Please retype the listing below word for word and exclude its images.

• _Data shown_
####################

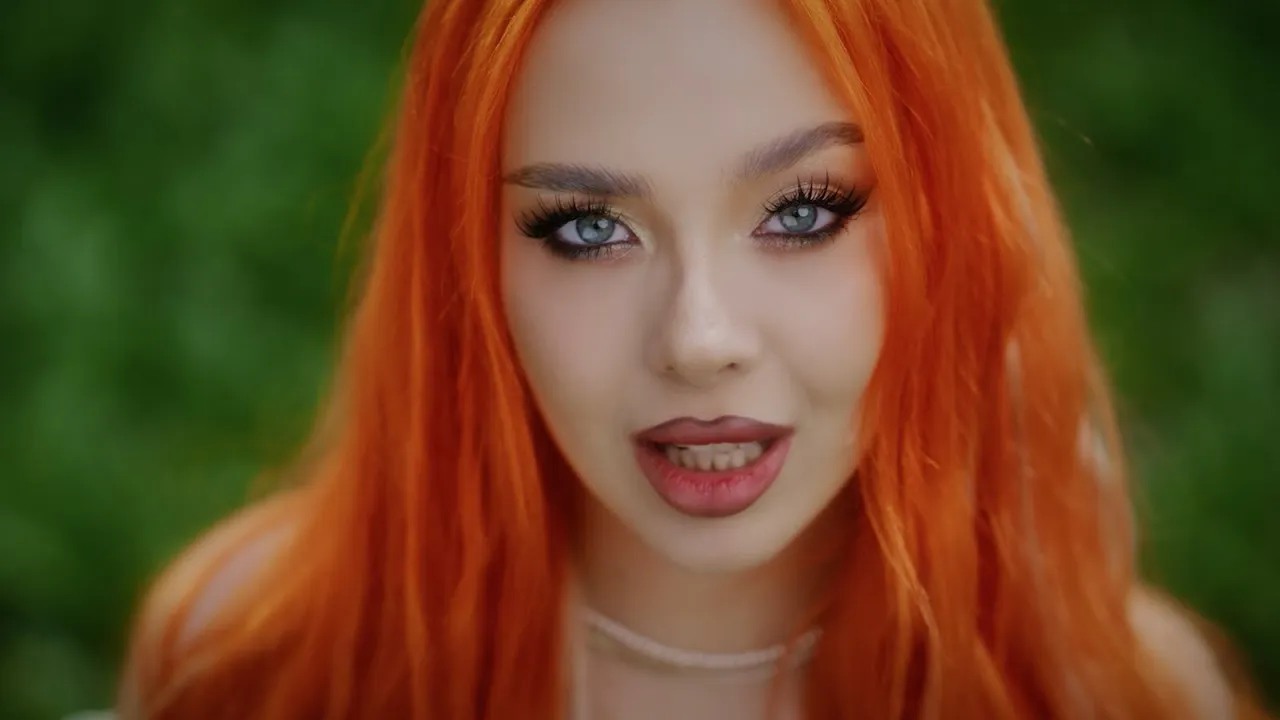 Olivia Addams - Ma intorc la tine (Video Original)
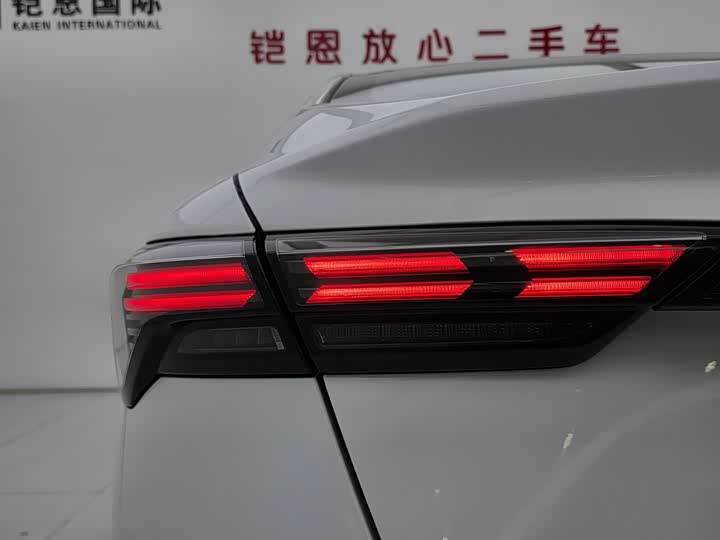 Фото 8 - Geely Binrui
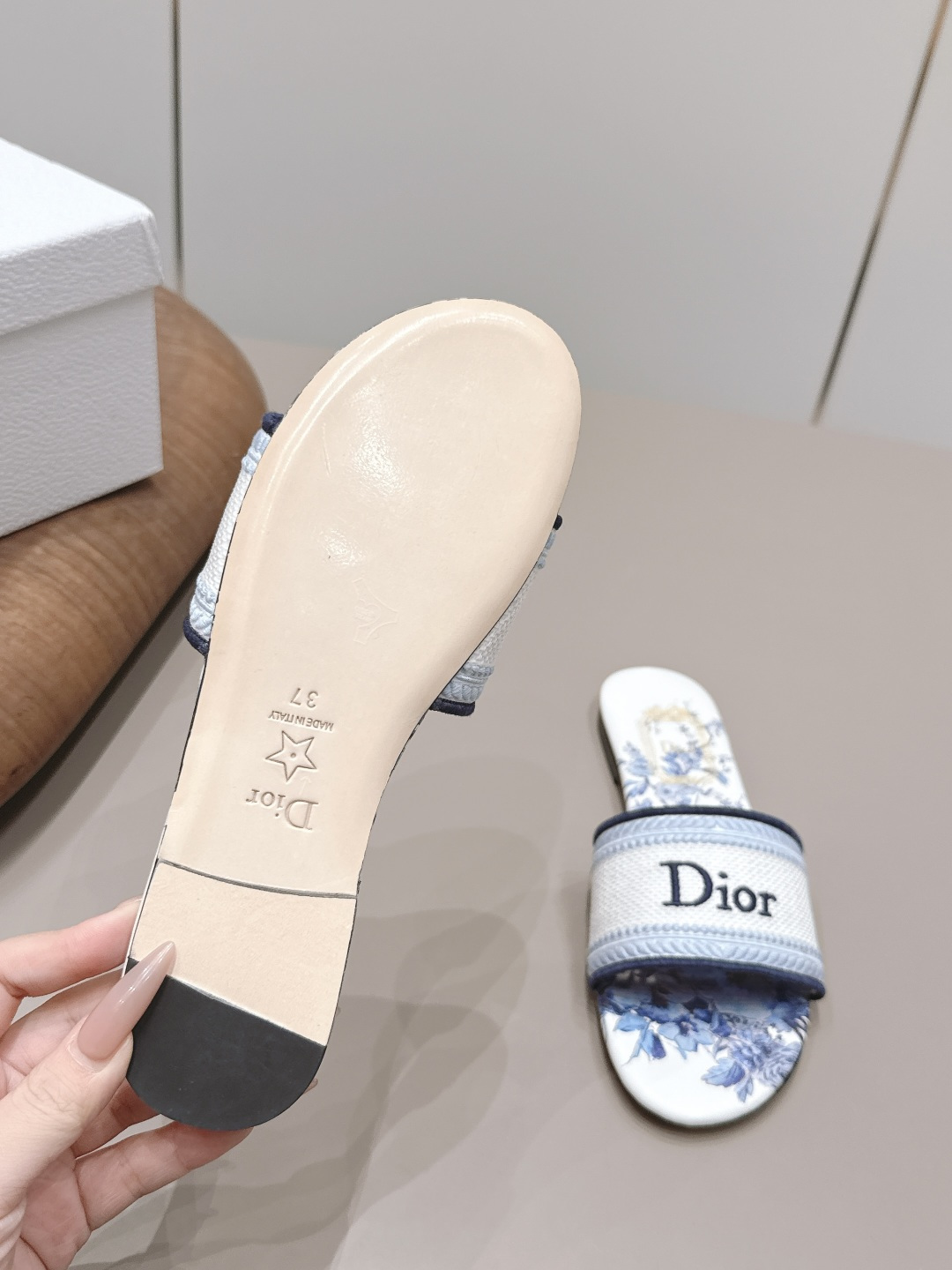 Dior迪奥26vs春夏新款时装凉鞋系列 9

####################

• _Exercise answer_
 Olivia Addams - Ma intorc la tine (Video Original)
 Фото 8 - Geely Binrui
 Dior迪奥26vs春夏新款时装凉鞋系列 9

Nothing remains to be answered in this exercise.